This patch introduces a new 'struct rb_root_cached' which is just the
root with a cached pointer to the leftmost node. The reason why the
regular rb_root was not extended instead of adding a new structure was
that this allows the user to have the choice between memory footprint
and actual tree performance. The new wrappers on top of the regular
rb_root calls are:
- rb_first_cached(cached_root) -- which is a fast replacement
for rb_first.
- rb_insert_color_cached(node, cached_root, new)
- rb_erase_cached(node, cached_root)
In addition, augmented cached interfaces are also added for basic
insertion and deletion operations; which becomes important for the
interval tree changes.
With the exception of the inserts, which adds a bool for updating the
new leftmost, the interfaces are kept the same. To this end, porting rb
users to the cached version becomes really trivial, and keeping current
rbtree semantics for users that don't care about the optimization
requires zero overhead.
Link: http://lkml.kernel.org/r/20170719014603.19029-2-dave@stgolabs.net
Signed-off-by: Davidlohr Bueso <dbueso(a)suse.de>
Reviewed-by: Jan Kara <jack(a)suse.cz>
Acked-by: Peter Zijlstra (Intel) <peterz(a)infradead.org>
Signed-off-by: Andrew Morton <akpm(a)linux-foundation.org>
Signed-off-by: Linus Torvalds <torvalds(a)linux-foundation.org>
Signed-off-by: Ben Hutchings <ben(a)decadent.org.uk>
---
Documentation/rbtree.txt | 33 +++++++++++++++++++++++++++++++
include/linux/rbtree.h | 21 ++++++++++++++++++++
include/linux/rbtree_augmented.h | 33 ++++++++++++++++++++++++++++---
lib/rbtree.c | 34 +++++++++++++++++++++++++++-----
4 files changed, 113 insertions(+), 8 deletions(-)
diff --git a/Documentation/rbtree.txt b/Documentation/rbtree.txt
index b9d9cc57be18..9fedfedfd85f 100644
--- a/Documentation/rbtree.txt
+++ b/Documentation/rbtree.txt
@@ -190,6 +190,39 @@ rb_entry(node, type, member).
for (node = rb_first(&mytree); node; node = rb_next(node))

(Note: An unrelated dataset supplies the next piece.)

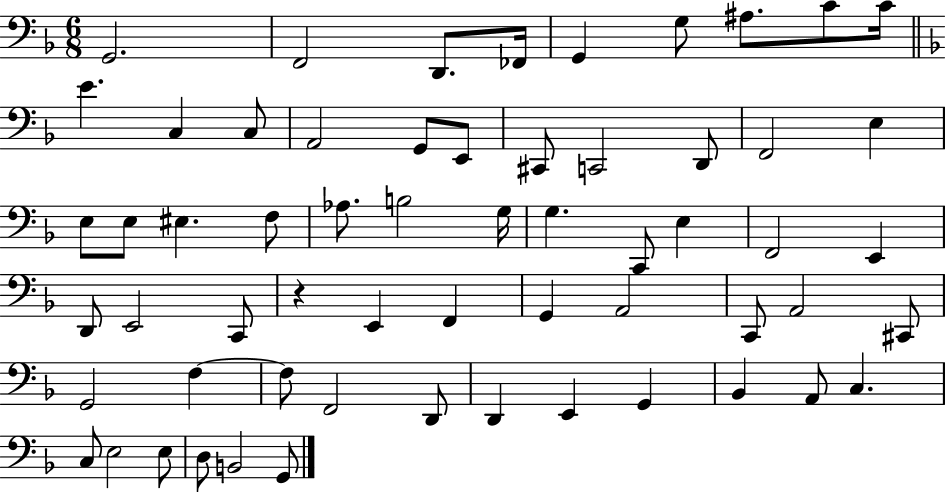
G2/h. F2/h D2/e. FES2/s G2/q G3/e A#3/e. C4/e C4/s E4/q. C3/q C3/e A2/h G2/e E2/e C#2/e C2/h D2/e F2/h E3/q E3/e E3/e EIS3/q. F3/e Ab3/e. B3/h G3/s G3/q. C2/e E3/q F2/h E2/q D2/e E2/h C2/e R/q E2/q F2/q G2/q A2/h C2/e A2/h C#2/e G2/h F3/q F3/e F2/h D2/e D2/q E2/q G2/q Bb2/q A2/e C3/q. C3/e E3/h E3/e D3/e B2/h G2/e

printk("key=%s\n", rb_entry(node, struct mytype, node)->keystring);
+Cached rbtrees
+--------------
+
+Computing the leftmost (smallest) node is quite a common task for binary
+search trees, such as for traversals or users relying on a the particular
+order for their own logic. To this end, users can use 'struct rb_root_cached'
+to optimize O(logN) rb_first() calls to a simple pointer fetch avoiding
+potentially expensive tree iterations. This is done at negligible runtime
+overhead for maintanence; albeit larger memory footprint.
+
+Similar to the rb_root structure, cached rbtrees are initialized to be
+empty via:
+
+ struct rb_root_cached mytree = RB_ROOT_CACHED;
+
+Cached rbtree is simply a regular rb_root with an extra pointer to cache the
+leftmost node. This allows rb_root_cached to exist wherever rb_root does,
+which permits augmented trees to be supported as well as only a few extra
+interfaces:
+
+ struct rb_node *rb_first_cached(struct rb_root_cached *tree);
+ void rb_insert_color_cached(struct rb_node *, struct rb_root_cached *, bool);
+ void rb_erase_cached(struct rb_node *node, struct rb_root_cached *);
+
+Both insert and erase calls have their respective counterpart of augmented
+trees:
+
+ void rb_insert_augmented_cached(struct rb_node *node, struct rb_root_cached *,
+ bool, struct rb_augment_callbacks *);
+ void rb_erase_augmented_cached(struct rb_node *, struct rb_root_cached *,
+ struct rb_augment_callbacks *);
+
+
Support for Augmented rbtrees
-----------------------------
diff --git a/include/linux/rbtree.h b/include/linux/rbtree.h
index e585018498d5..d574361943ea 100644
--- a/include/linux/rbtree.h
+++ b/include/linux/rbtree.h
@@ -44,10 +44,25 @@ struct rb_root {
struct rb_node *rb_node;
};
+/*
+ * Leftmost-cached rbtrees.
+ *
+ * We do not cache the rightmost node based on footprint
+ * size vs number of potential users that could benefit
+ * from O(1) rb_last(). Just not worth it, users that want
+ * this feature can always implement the logic explicitly.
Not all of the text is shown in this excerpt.